*Records for the task*:
....................

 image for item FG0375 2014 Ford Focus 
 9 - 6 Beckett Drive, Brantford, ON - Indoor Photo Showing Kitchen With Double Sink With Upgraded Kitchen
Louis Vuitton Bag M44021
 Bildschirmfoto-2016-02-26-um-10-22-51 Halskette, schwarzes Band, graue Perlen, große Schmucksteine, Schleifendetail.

....................

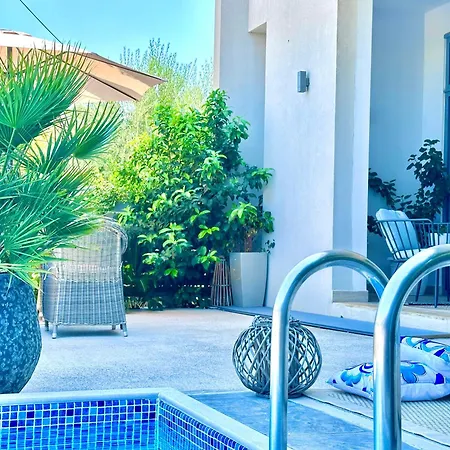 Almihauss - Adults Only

....................

*Exercise*: Among the records above, extract exactly the lines from the line with "image for item FG0375 2014 Ford Focus" to the line with "Bildschirmfoto-2016-02-26-um-10-22-51 Halskette, schwarzes", both lines included, and leave out the rest.

*Answer section*:
 image for item FG0375 2014 Ford Focus 
 9 - 6 Beckett Drive, Brantford, ON - Indoor Photo Showing Kitchen With Double Sink With Upgraded Kitchen
Louis Vuitton Bag M44021
 Bildschirmfoto-2016-02-26-um-10-22-51 Halskette, schwarzes Band, graue Perlen, große Schmucksteine, Schleifendetail.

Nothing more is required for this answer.